I am going to take advantage of G. W.'s new 'drop a dime on a friend' program......  I am going to accuse everybody I know and see of being a terrorist!  If I get one or two right a year, I will be a rich SOB! 

Then I am going to make a movie.....  That is the best thing to do when you are a loser with a lot of money.......

Then a book....how to write  'Real Resumes'....... so I use my past experience and cannot be accused of resting on my 'government monies and movie credits'......  This will be my real contribution to society.....  A 'Real Resume' (Trademarked of course!) for the Real World!

My hope is that it will let the little people get a job...even if they are old like us or deaf or fucked up from drugs or wine or if they don't like their cat or their mother........  Maybe they can get a job if they just lie like hell (my book will have 'secrets for all you lying SOB's out there!').... 

Rick

 

 Sharon responded by telling me that I really was nuts and I might qualify for a government ‘crazy check’.  

 START

 Sharon,

You gave me a great idea!  I really could get a 'crazy check'......

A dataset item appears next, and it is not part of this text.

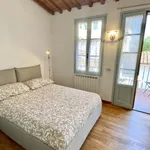 Rent 3 bedroom apartment of 110 m² in florence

I am going to send you a number of e-mails that you can testify that I am crazy in court with!   (NOTE: ERASE THE FIRST PART OF THIS MESSAGE!)

 

I loved my name Richard, until last year.  I always thought it meant Lion Hearted, but then I found out it really meant Flat-line Hearted!  Hah!  (Get it....I had a heart attack.....)

You may think it is a joke but I have applied for a legal name change! 

Sincerely,

Rick

PS Sharon, I will always sign my e-mails Sincerely.  That way, they think I am really crazy!  (NOTE: ERASE THIS PS!)

PSS Sharon, Thanks so much for the great idea.....  I am working on future mail..... How many do I need for a big check?  (NOTE: ERASE THE PSS, TOO!)

 
And then, I really started thinkin’ and writin’……………

 
BEER

Sharon,

 Some people respond pretty well to alcohol consumption!

You may ask me, "How do you know that, Flatline?"

I might say, "Because I have had more beer than ever in my life and I can still think to send a note to my good friend, Sharon....... a woman of great strength and humor!"

I also might say, "I had a beer with my good dog Willa on my patio tonight and she and I are going to collect a lot of money on the al-Qaida bastard that lives two doors down!

Cheap beer is so damn American!  I rent it with confidence!

Sincerely,
Rick

 

Franchise Available

Sharon,

You will not believe the luck I had today!

I saw one of those guys who sit on a street corner with a "Will Work For Food..." sign.  I stopped by the guy and asked if he was the owner of these businesses or a franchisee.   MAN!  HE TURNED OUT TO BE THE OWNER AND HAD ONE FRANCHISE TO SELL!  Sizemore, I got a deal!

I bought it for less than the 5 bucks he wanted ....  all I had was $4.54, but he said I could bring the 46 cents to him later.

Anyway, Sharon, I am just going to do this for a while until I can find a steady job.  But I have a great idea.  My sign is not going to say, 'Will Work For Food...".  My sign is going to say, "Will Work for Gold Coins Or Old Diamond Rings"!  I don't need the food anyway.  I gotta lose some weight.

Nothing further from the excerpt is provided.